Он отказывается от основополагающего принципа структурализма – дихотомии языка и речи, деятельности внутренней и внешней. "Структурная лингвистика, – пишет Хомский, – страдала и будет страдать от неумения оценить силу и глубину взаимных связей между различными частями языковой системы". (Там же, С.17).
Пражская школа является предшественником Хомского в том смысле, что учением о внутренне-противоречивой архифонеме Н.Трубецкой напрочь отсек сигнальные коды животных от человеческого языка.

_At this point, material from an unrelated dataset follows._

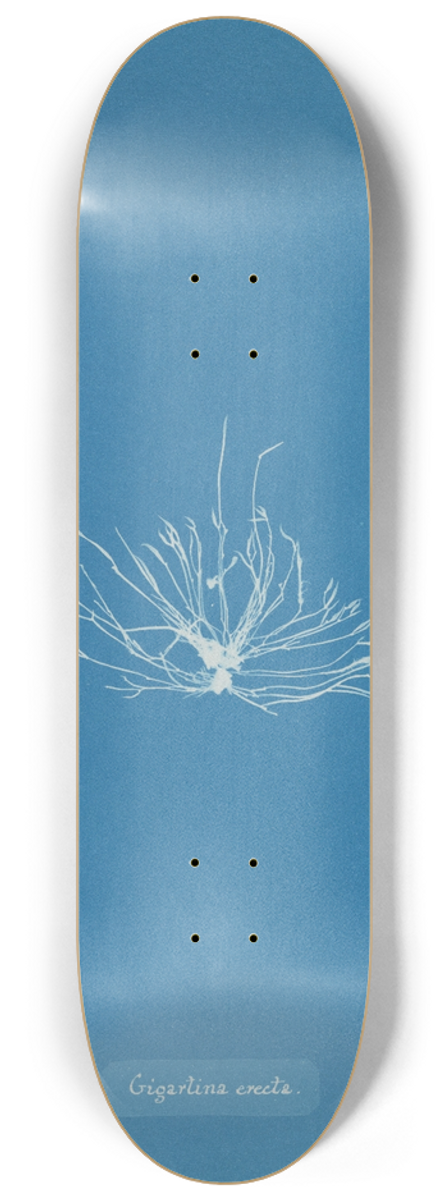 Anna Atkins - Gigartina erecta 8.25 inch art skate deck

Хомский горячо поддерживает это разделение.
Он категорически отказывается признавать языковые способности каких бы там ни было животных, даже в зачаточном состоянии, потому что это разрушает его установку на существование именно в мозге человека особого модуля, предназначенного для обработки языка, и приводимого в состояние активации энергией синтаксиса.

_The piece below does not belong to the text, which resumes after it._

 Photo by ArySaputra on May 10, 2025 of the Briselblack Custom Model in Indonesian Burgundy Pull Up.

Это характерно: все ученые-лингвисты, глубоко вошедшие в семиотические основы или в структуры человеческого языка, отказываются признавать наличие языка у животных. Разительный контраст с антропологами, занимающимися происхождением языка: те переносят «язык» напрямую с обезьян на человека. Складывается впечатление, что они рассуждают о человеческом языке, не зная, что это такое (напр.: А.Барулин. «Основания семиотики. Знаки, знаковые системы, коммуникация»; Ф.Гиренок «Аутография языка и сознания»; С.Бурлак "Происхождение языка"). С другой стороны, лингвисты тоже не могут выйти на исток языка. Они начали снимать проблему глоттогенеза с повестки (напр. С.Пинкер «Язык как инстинкт»). Вывод: необходим антропологический подход, но такой, который учитывает наработки лингвистов: насколько это сложное, принципиально новое, антиживотное явление, – человеческий язык.
Импонирует, что в обосновании необходимости нового лингвистического мышления Хомский прибегает к эмпирии, к наивной простоте, к ментальности (которая поколением Блумфилда употреблялась как бранное слово), отчасти напоминая мою знакомую, казахстанскую немку, с ее уверенностью в родстве немецкого и казахского языков, основанном на простом восприятии. "Достаточно открыть книгу или прислушаться к случайному разговору, чтобы обнаружить бесчисленные примеры предложений и типов предложений, не отраженных адекватным образом ни в традиционных, ни в современных грамматиках", – пишет Хомский. (Там же, С.46).
Н.Хомский, как всякий свободно мыслящий талантливый человек, начал с того, что осмелился задавать простые вопросы по поводу бесконечных структуралистских дихотомий и дифференциалов. Разумеется, простые вопросы Хомского являлись реакцией на кризис лингвистической теории, развивавшейся в рамках структурализма.